Management hopes to bring GNPA in Mar’17 to a level below Mar’16. GNPA in retail segment is 3.3%. 1H17 recoveries and upgrades have crossed R100 bn. The management is confident of hitting the top end of full year guidance for recoveries and upgrades at R200 billion. Apart from R17 bn in Q1 from discom bonds, the recoveries in 1H17 have been granular across the sectors. Q3 trends in recoveries and upgrades have been very encouraging, with October numbers in double digit billions.
No asset sale to ARCs during the quarter. Sale to ARC has to be approved by board. In Q3, the bank may sell some assets to ARCs. Standard SDR is R28.4 bn (total R90 bn, 28 accounts) and Standard 5:25 is R34 bn (total R90 bn).
In terms of loan growth, the bank is still not seeing many upcoming projects where large ticket lending opportunities are present. Road sector and Lease rental discounting are the two sectors where significant opportunities are present.

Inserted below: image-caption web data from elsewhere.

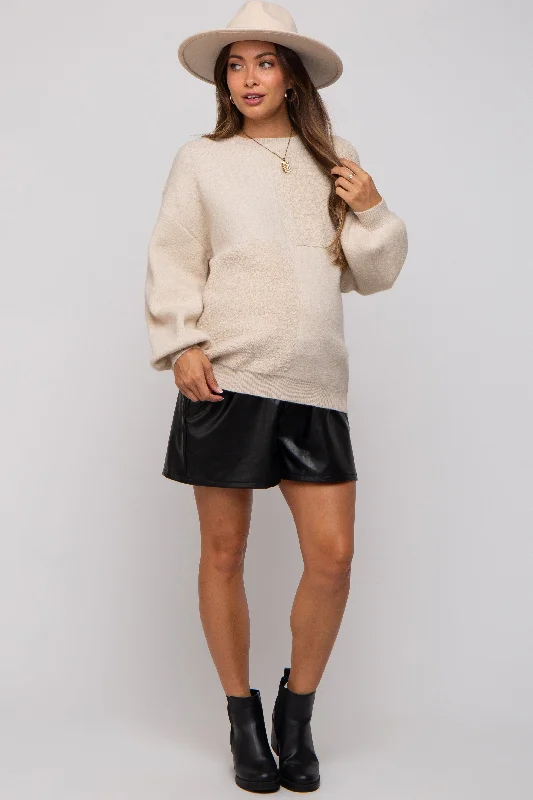 Short sleeve – Sleeveless or cap sleeve styleShort sleeve – Sleeveless or cap sleeve styleCream Textured Checker Maternity Sweater Short sleeve – Sleeveless or cap sleeve styleShort sleeve – Sleeveless or cap sleeve styleCream Textured Checker Maternity Sweater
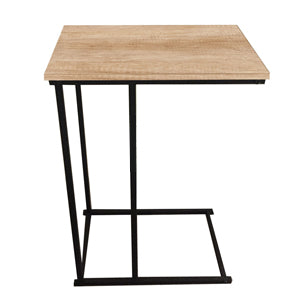 Brown Industrial C Shape Sofa Side Laptop Table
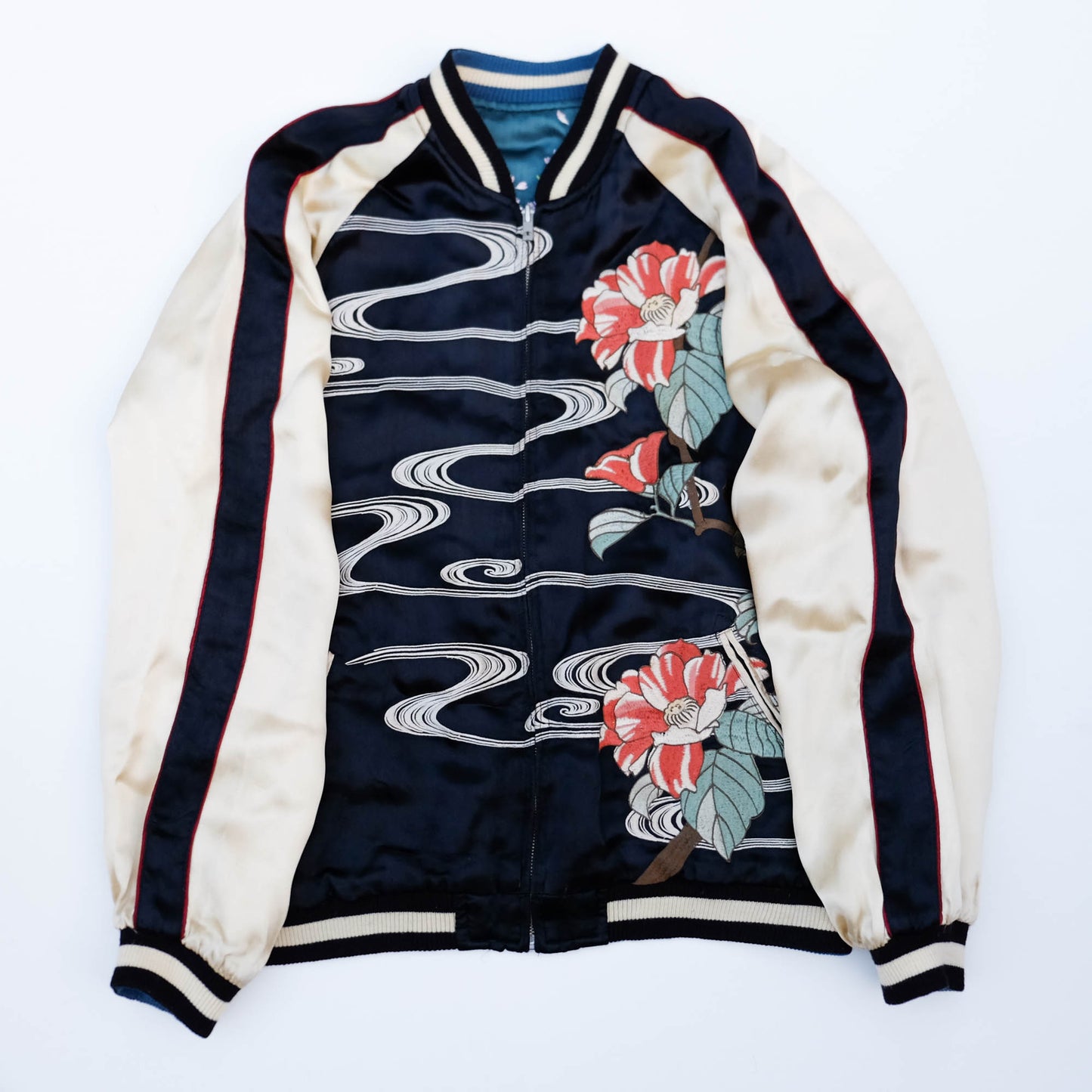 Vintage Reversible Sukajan Jacket Koi Fish Camellia Sakura Goldfish Embroidery Japanese Souvenir Bomber Size L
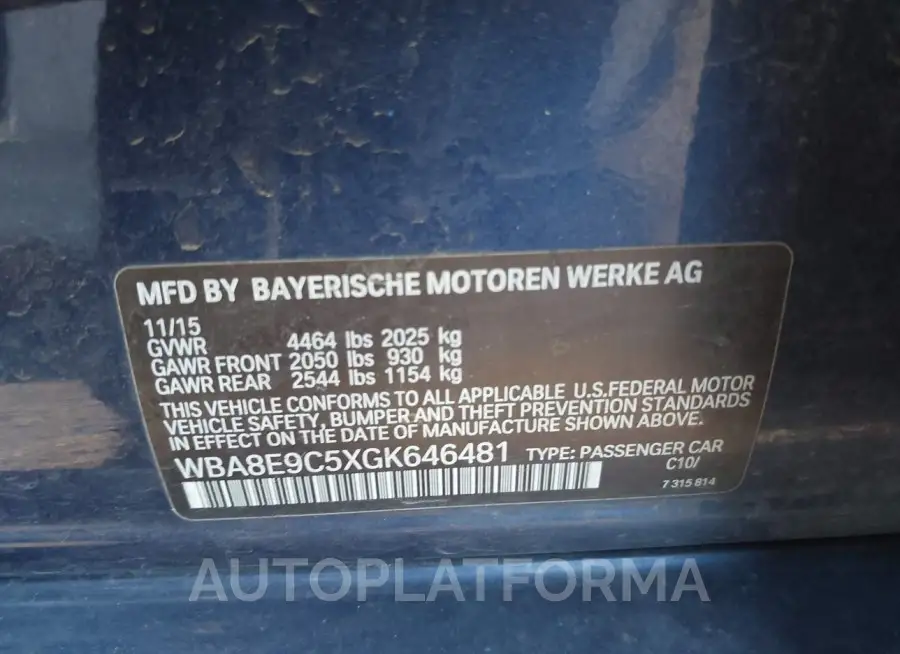 BMW 328I  2016 vin WBA8E9C5XGK646481 from auto auction Iaai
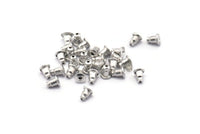 Silver Earring Stopper, 300 Silver Tone Aluminum Earring Back Stopper, Earnest (5.5x4.5mm) ( A0392 )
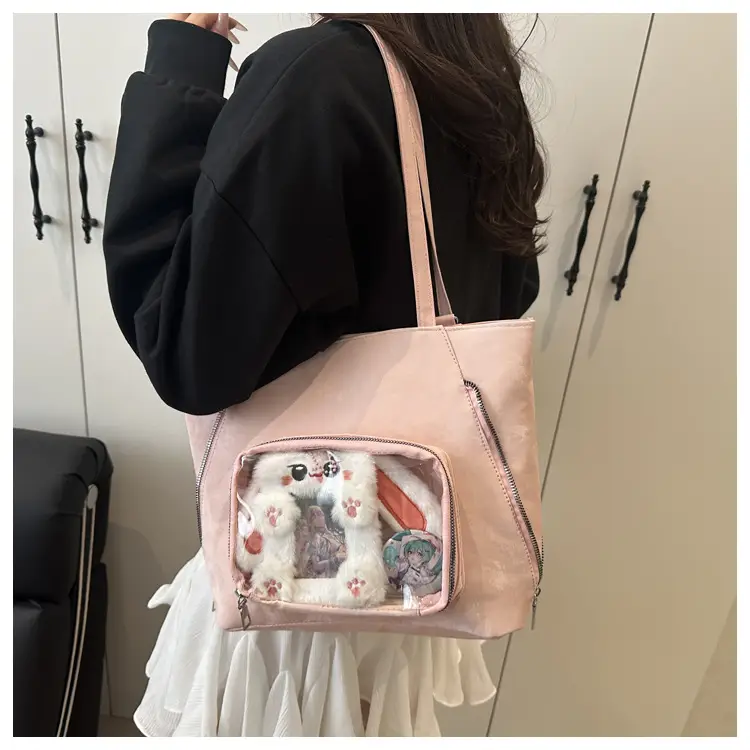 Pink Transparent Shoulder Bag for Women Campus Use — feature 38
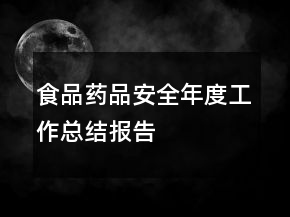 食品药品安全年度工作总结报告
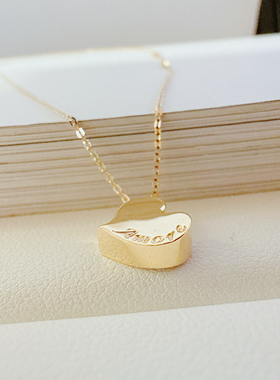 14K金爱心项链女款黄金心形吊坠锁骨链简约百搭颈链送女友礼物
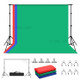 PULUZ PKT5205 Photo Studio 2x2.9m Photography Background Support Stand Backdrop Crossbar Bracket Kit with Red/Blue/Green Backdrops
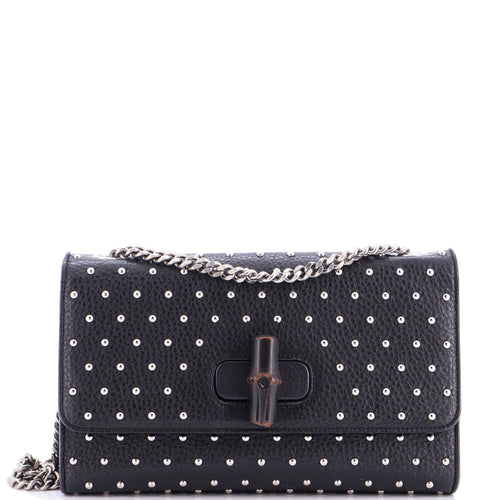 GUCCI Miss Bamboo Shoulder Bag Studded Leather Medium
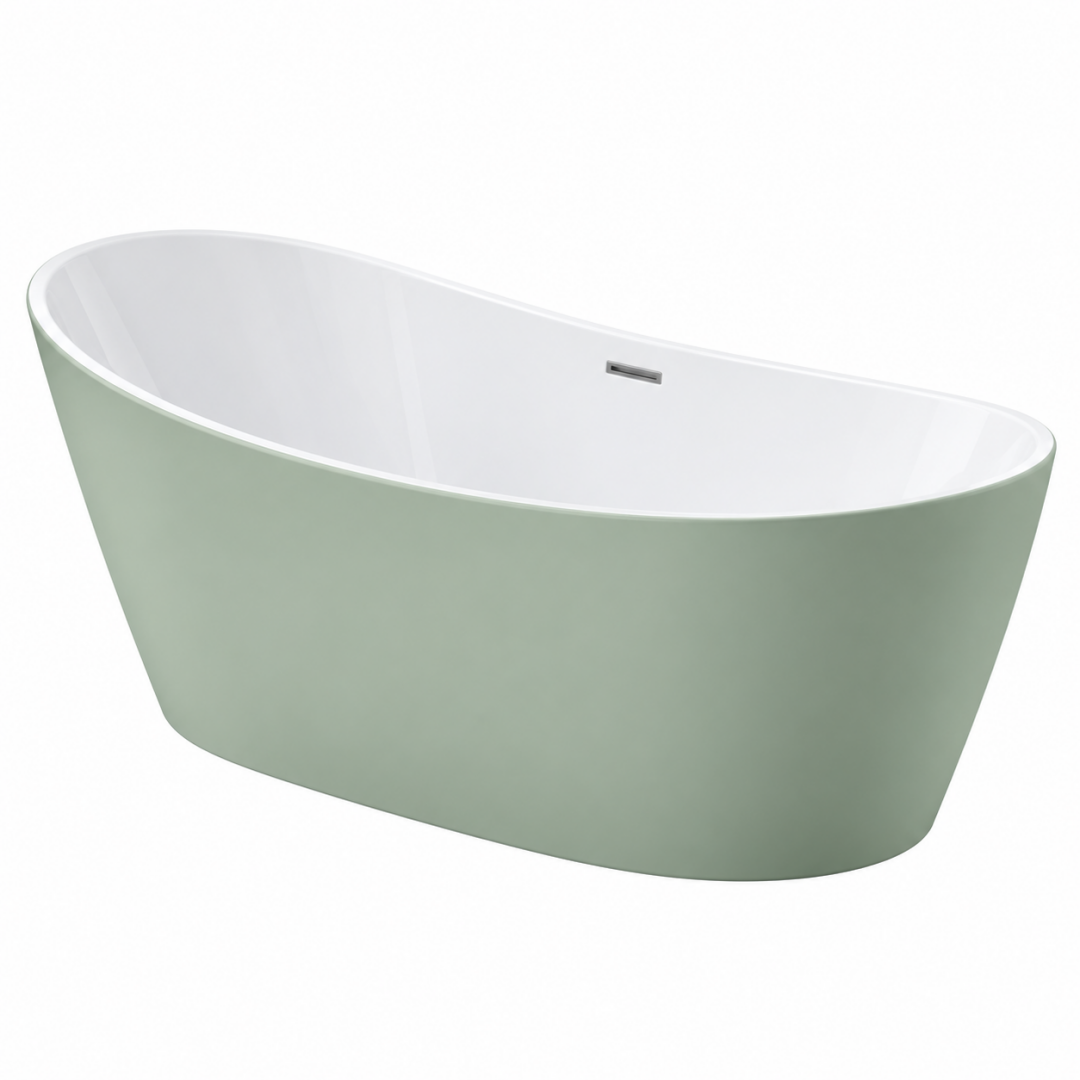 Freistehende Badewanne 170 x 75 x 58 cm aus Acryl Grün Weiß oval modern mit Überlauf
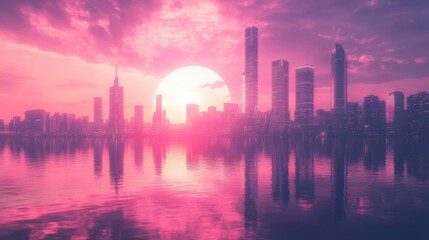 Stunning Pink Sunset Over Modern City Skyline Reflecting on Calm Water with Skyscrapers and Dramatic Clouds in a Serene Urban Landscape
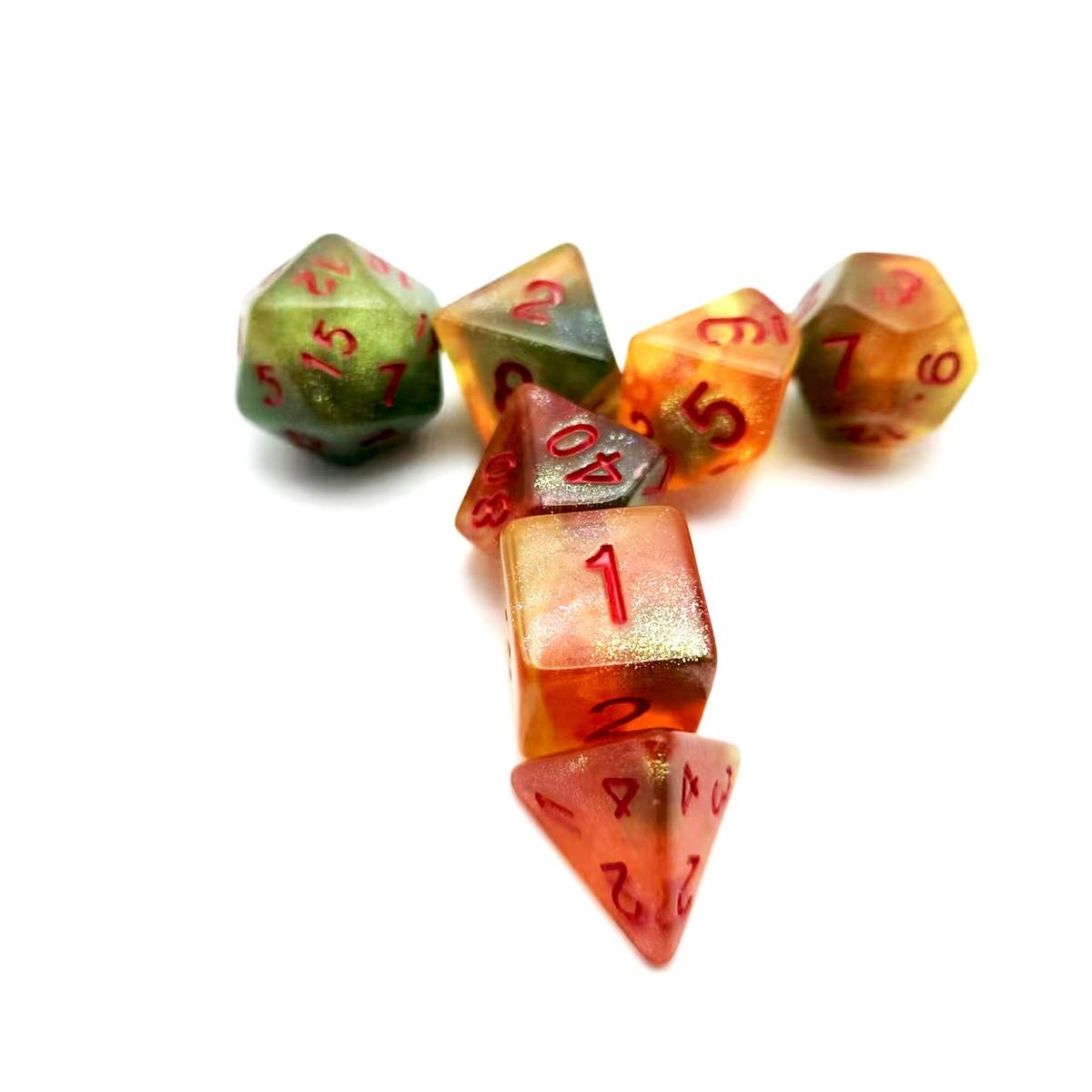 7PCS Polyhedral Dice Set, Green Orange Red DND Dice with Red Numbers, RPG Dice for Dungeons and Dragons, D&D, Pathfinder, MTG, Tabletop Games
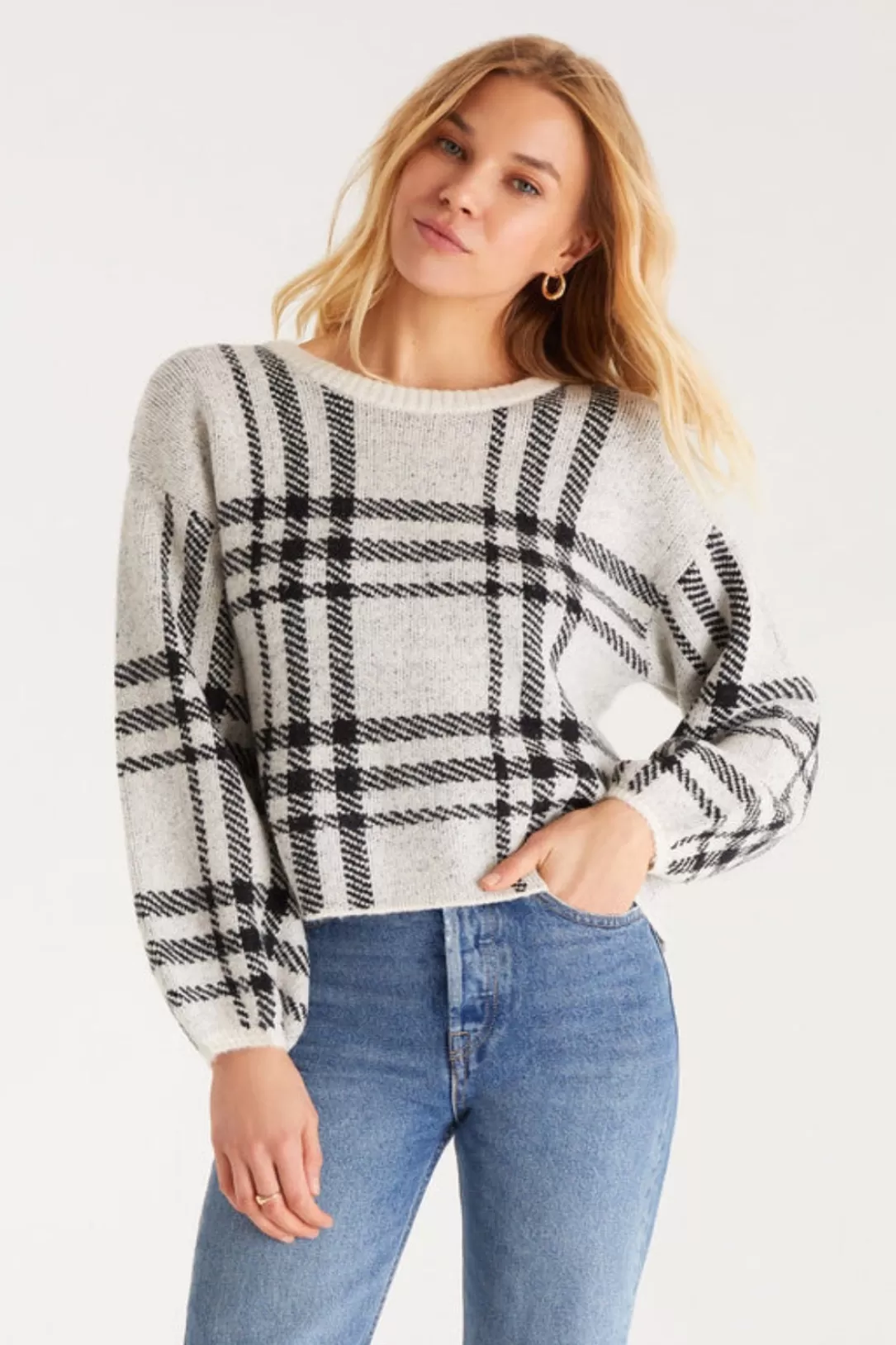 Women Z Supply Solange Plaid Sweater-Oat |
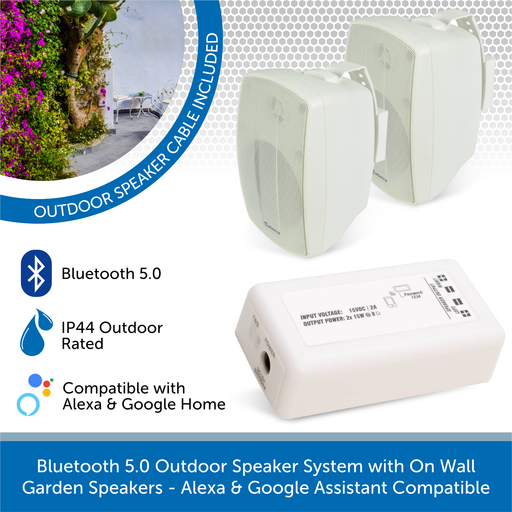AudioVolt Bluetooth 5.0 Outdoor Speaker System with On Wall Garden Speakers - Alexa & Google Assistant Compatible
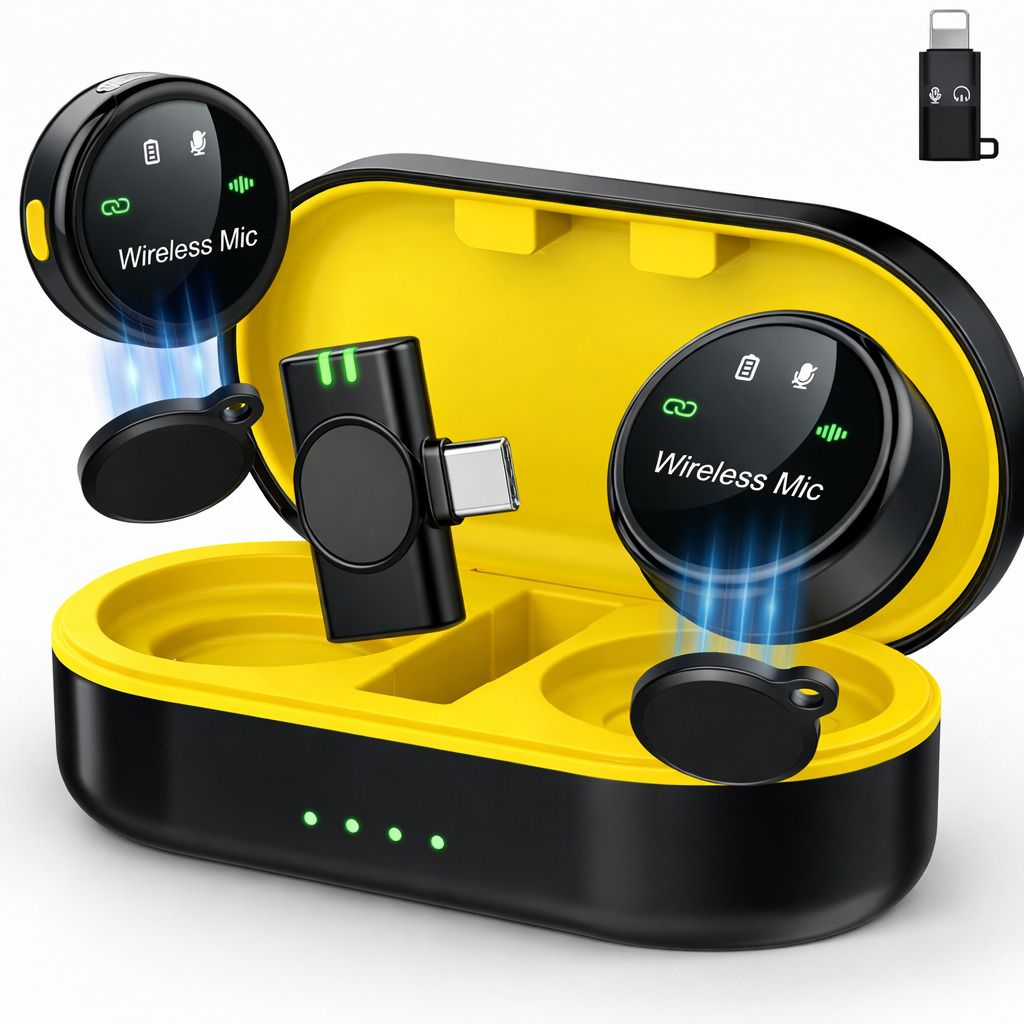 primate Wireless Lavalier Mic with Charging Case, Noise Cancel, 70FT Range Microphone-picture-17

The bank does not see a broader recovery and believes that a broader recovery could still be a few quarters away.
Strategy, employee expenses and capital management
The bank looks to monetise non-core assets, including real estate, but currently has plans to divest its stake in PNB Housing Finance (PNBHOUSI IN, R978, NC). The fall in yields has led to higher provisioning on account of employees’ future benefits in Q2. The bank expects to receive R7.72 bn of second tranche of capital in Jan 2017.
Change in estimates
We revise our FY17 ests. materially (+60%) on the back of improvement in provisioning as well as some sustainability in fee (driven by ATM interchange and FX income). We pencil in an improvement in impairment momentum—slippages in FY18 to fall to a third of FY17. However, we expect weakness at core PPOP to remain over the medium term. We forecast FY18/FY19 earnings ests. to increase by 8.2% and 2.8% respectively, implying FY17-19 CAGR of 78% helped by lower base and FY16-19 adjusted book value CAGR of 87%.
We roll fwd earnings by a quarter. On trailing basis, PNB trades at 1.9x book (Sep 16) and 22.2x EPS (12m to Sep 17e) versus 10 year avg. of 1.2x and 6.4x, respectively. We value PNB at 1.1x book (Sep 17e) and 7.5x EPS (12 m to Mar 18E). We also add R25 to the value per share of the bank to reflect the value accruing from PNB Housing.